For garments, hemp-based fabrics are more durable and insulating than cotton and antibacterial on their own. In terms of biodegradability, hemp starts to soften with time and, in the appropriate environment, will break down within weeks to about four months.
Jute
If you’ve ever purchased a rug, you might have encountered jute, either for a durable floor covering on its own or as a supportive pad to be placed below. Similar to hemp, jute is durable and is less damaging to the earth than cotton, not needing pesticides to produce a crop. Like linen, it provides a degree of breathability and moisture resistance while featuring more hard-wearing construction. In terms of biodegradability, jute can break down in the earth or in a compost environment.
Bamboo
Bamboo has a few points in its favour: It grows quickly, requires no pesticides, helps maintain the soil, and can break down in its natural form. However, for clothing, processes for producing fabric vary. Cellulose from the bamboo may be spun into rayon – a waste-generating, less eco-friendly process requiring hydroxide and carbon disulfide. Or, enzymes can help break down its thicker components into a linen- or flax-like material that’s more eco-friendly.
Lyocell
Using bamboo, wood, or another source of cellulose, Lyocell is a semi-synthetic material that can partially biodegrade within six weeks, based on how the fabric is treated. However, realize that, similar to cotton, the production process isn’t the most sustainable: Water is needed to grow the source, while energy and chemicals used for producing rayon help break the cellulose down, spin it into yarn, and treat the fabric for a softer hand-feel.
Algae
Algae is gradually being considered for apparel making in two regards: Producing fabrics and offering a more natural dye alternative. In terms of fabrics, materials like Algalife, as well as a fabric developed by the Fashion Institute of Technology, are grown in a controlled, farm-like, pesticide-free environment with minimal water, before the resulting product is ground into a powder. This produces an alginate similar to certain wound dressings that is then dyed or woven into fibers that can be turned into a fabric. As a benefit, the resulting material biodegrades without releasing any chemicals and provides fire-resistant performance during wear.
Food Sources
We’ve already been introduced to a few of these through vegan leather.
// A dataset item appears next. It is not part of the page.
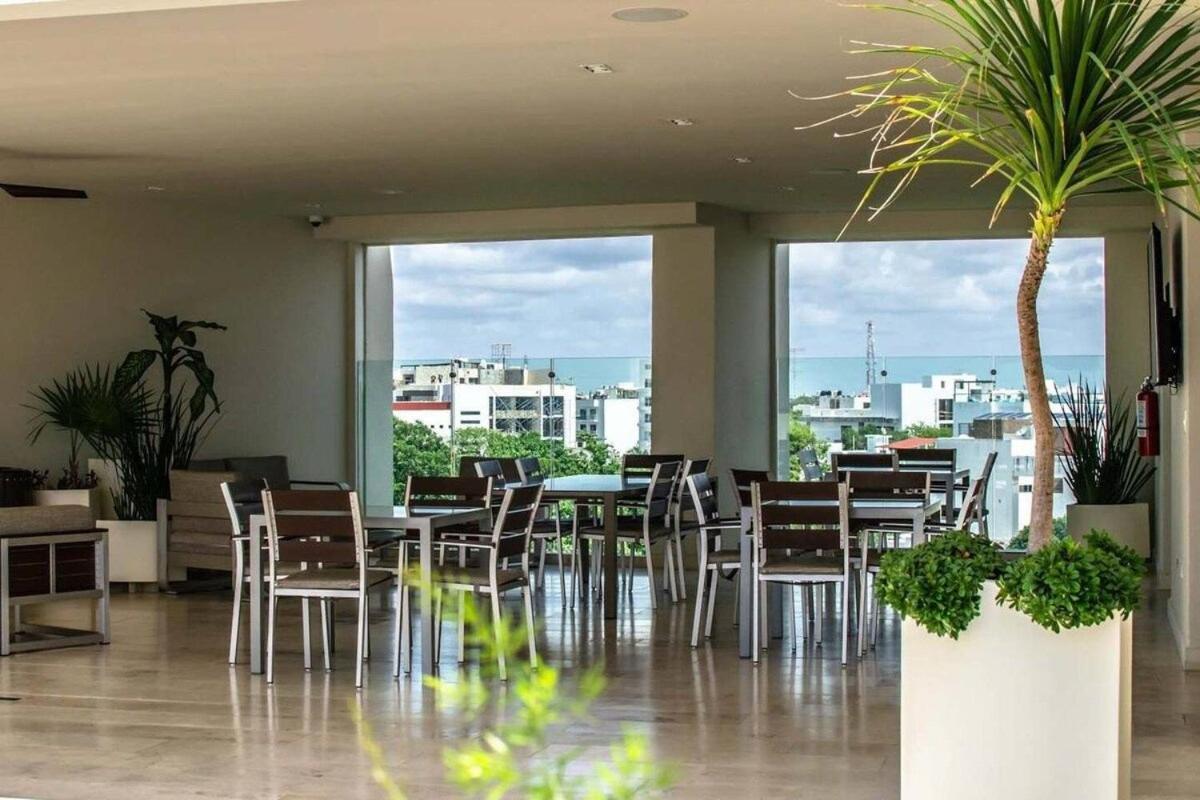 شقة 1 Rec. | A Pasos De La Playa | Roof C/Vista Al Mar بلايا ديل كارمن المظهر الخارجي الصورة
Partially to fully biodegradable sources include:
- Silk-like fabrics made from citrus fruit peels.
- Knit and jersey-like fabrics made from soybean hulls that offers an alternative to cashmere and acrylic.
- Mylo, a leather alternative made from mycelium.
- Bioplastics, which are made from corn, sugar, wheat, seaweed, rice, vegetable oil, or potato sources. Keep in mind that biodegradability of bioplastics varies and frequently requires an industrial compost environment.
- Apple and pineapple leathers both start with biodegradable sources – apple skins and pineapple leaves, respectively – but, due to processing and polymers used, don’t biodegrade on their own. Instead, a controlled environment and shredding are needed to break it down into biodegradable components.
- Cactus leather is considered a partially biodegradable material made of fibers from cactus plants combined with polyurethane.
Other Sources
Along with all listed above, the following materials offer a degree of biodegradability:
- Uncoated vegetable-tanned leather will biodegrade with time.
- Acetate, a cellulose-based material, by itself will eventually start to break down.
- Wool with minimal treatments and dyes will start to break down after a year in the earth or a compost environment.